KONRAD: Wake them up? Or scare them into silence behind academic gates and cultural police? Change doesn’t mean rebellion without a plan. It means building systems that trust people—not punish them. The only democracy worth fighting for is one that includes everybody. Not just the educated. Not just the angry. Godwin, Uganda, doesn’t need a revolution of rage. It needs a revolution of the people, with the people. Not above them. Not in spite of them. And definitely not without them.
GODWIN: Wow, though heated, this debate has been resourceful, and I am glad we had to digest this and reach an inference that true liberation is inclusive, that it is not limited to degrees.

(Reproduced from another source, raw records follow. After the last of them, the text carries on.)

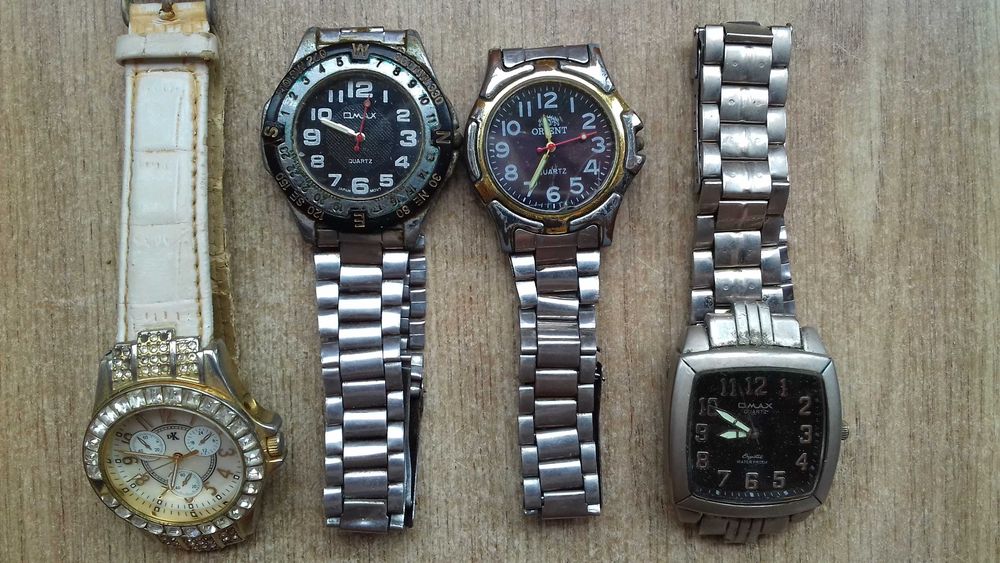 Часы. настенные маятниковые с боем.будильники. наручные.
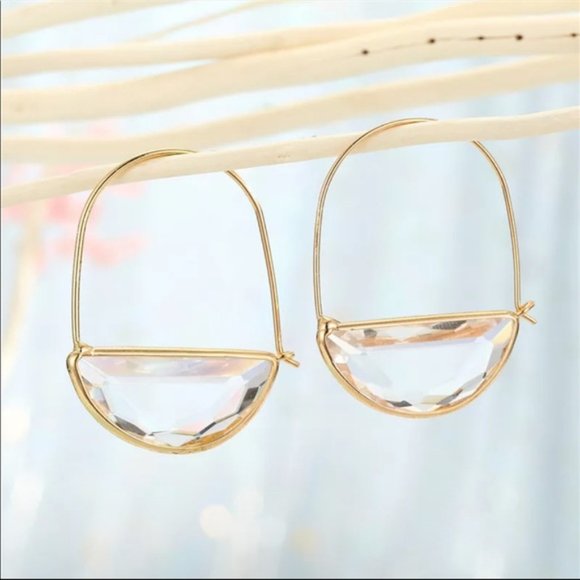 New❤️ Anthro Faceted Crescent Earrings - Picture 4 of 8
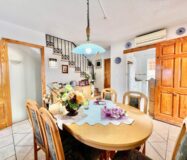 Будинок в Торрев’єсі 101 кв.м з видом на море та терасою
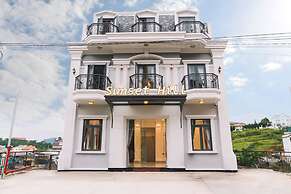 Sunset Hill Hotel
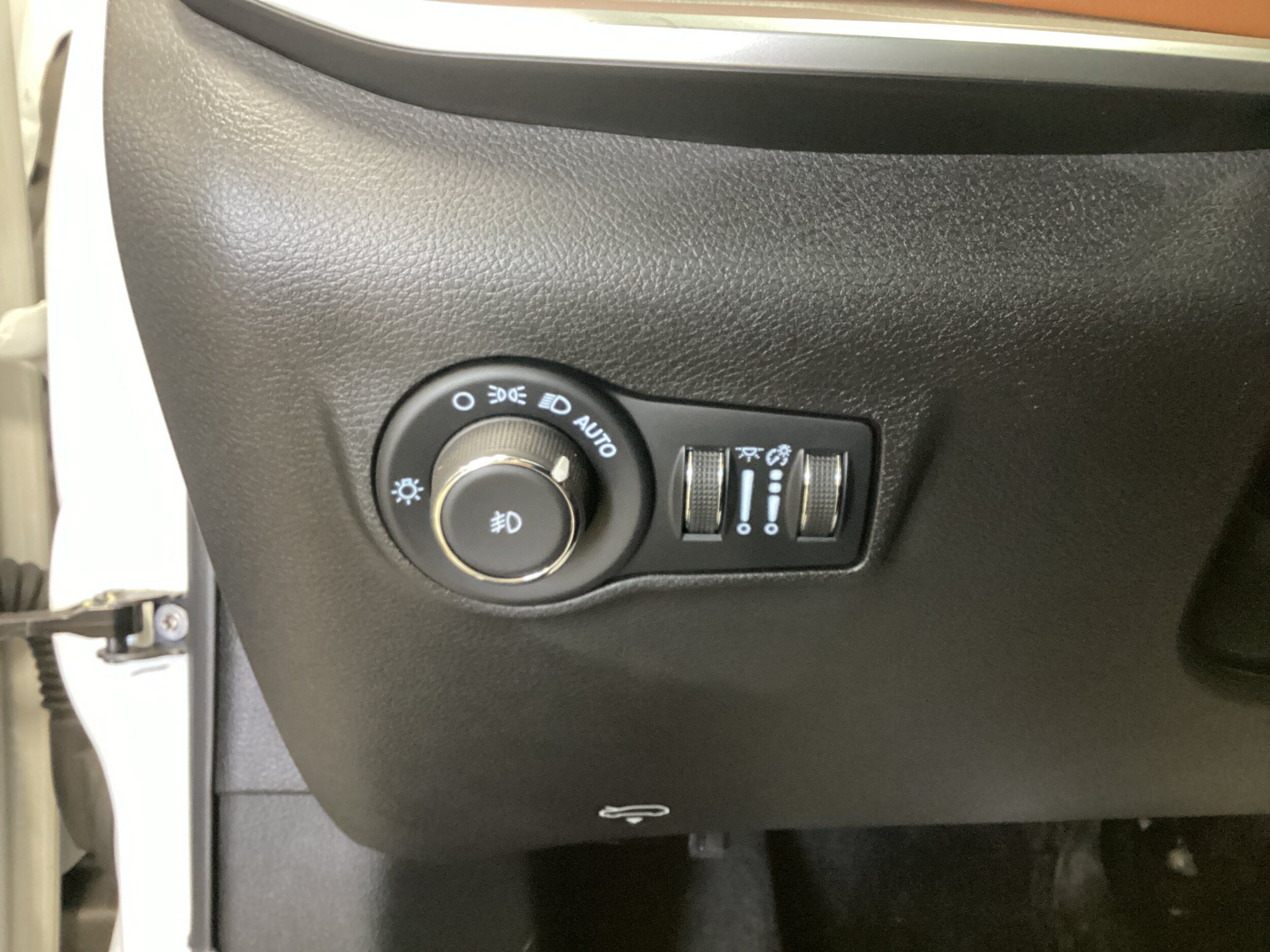 Used 2025 Jeep Compass Limited AWD/4WD image 18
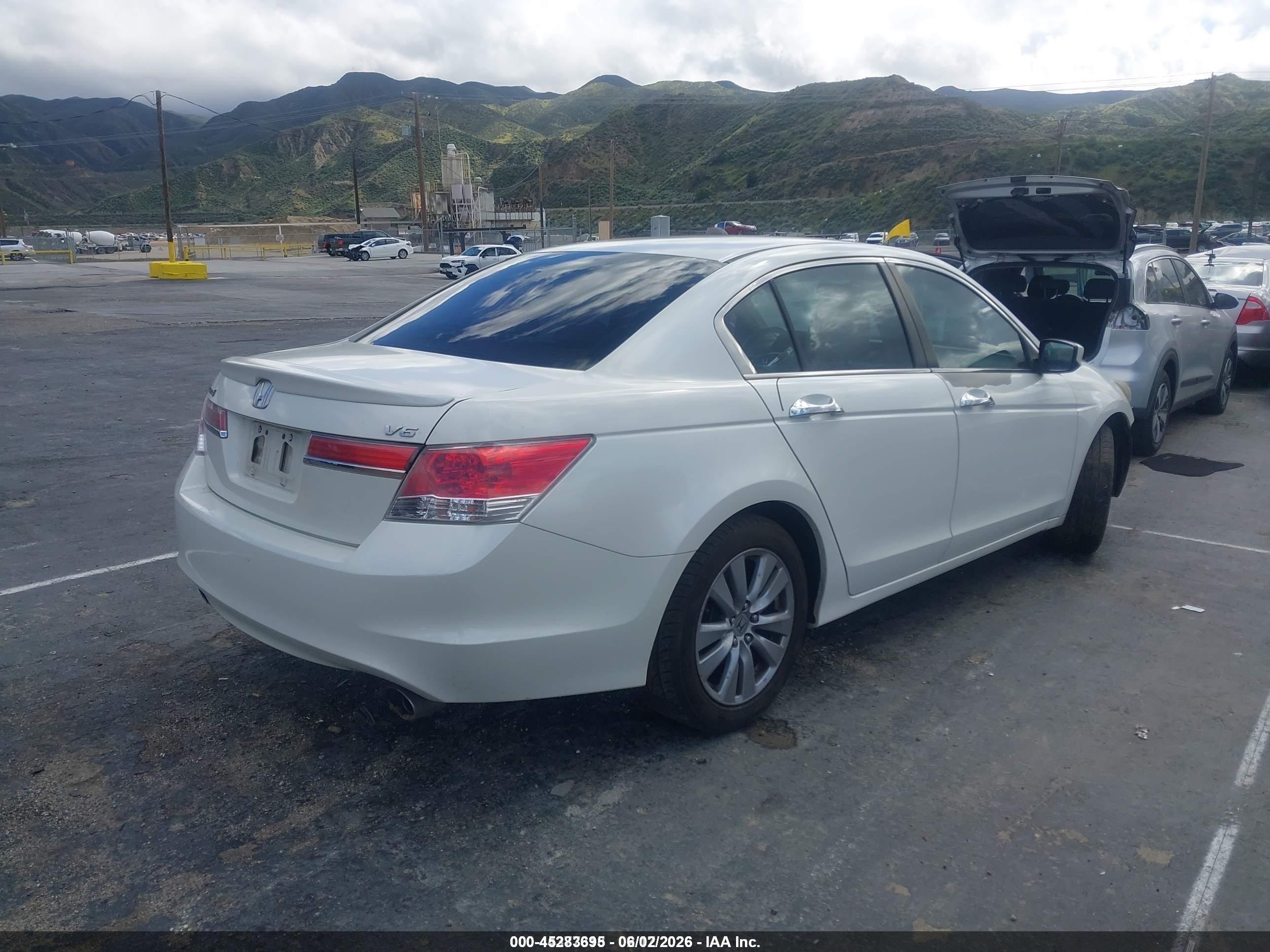 2011 Honda Accord 3.5 Ex White vin: 5KBCP3F73BB004676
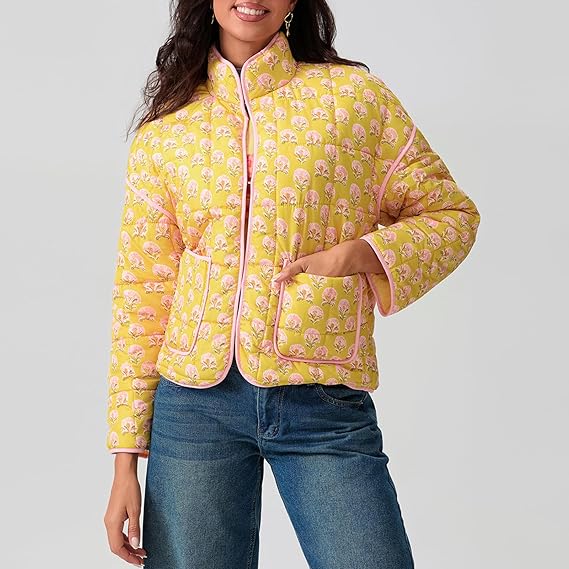 Chaqueta de patchwork con cuello alto y estampado floral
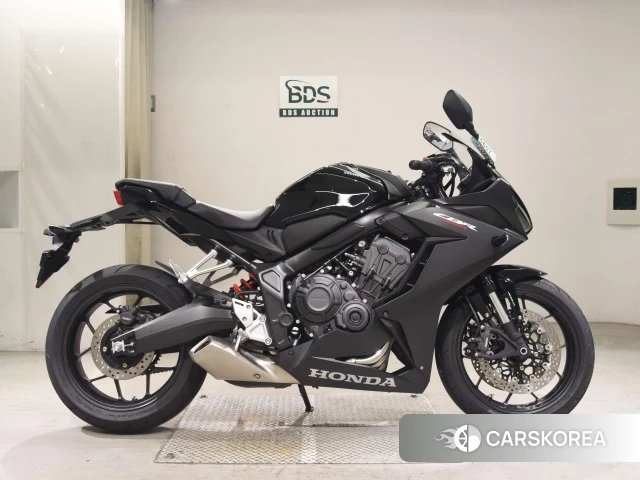 Проданный Honda CBR650R 2024 из Японии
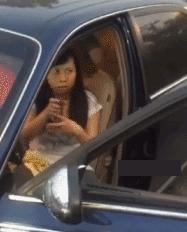 搞笑动图gif女司机,搞笑动图gif图片哪里下载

KONRAD: Sure, Godwin, it’s been intense debating with you—tough, direct, but productive. But you know what really hit me during our whole exchange? We talked about politics, society, morality, and education—just about everything. And yet we completely left out one crucial perspective: that of women. Half of Uganda’s population has been absent from this conversation—not just in Kakwenza’s manifesto, but in our debate as well. That’s more than an oversight. That’s part of the problem. The next debate I have will be with a woman! Not because she’s a woman, but because any discussion about a ‘new Uganda’ that excludes women’s voices is just recycling the same old patriarchal nonsense. That’s not revolution—it’s reproduction. Of the same.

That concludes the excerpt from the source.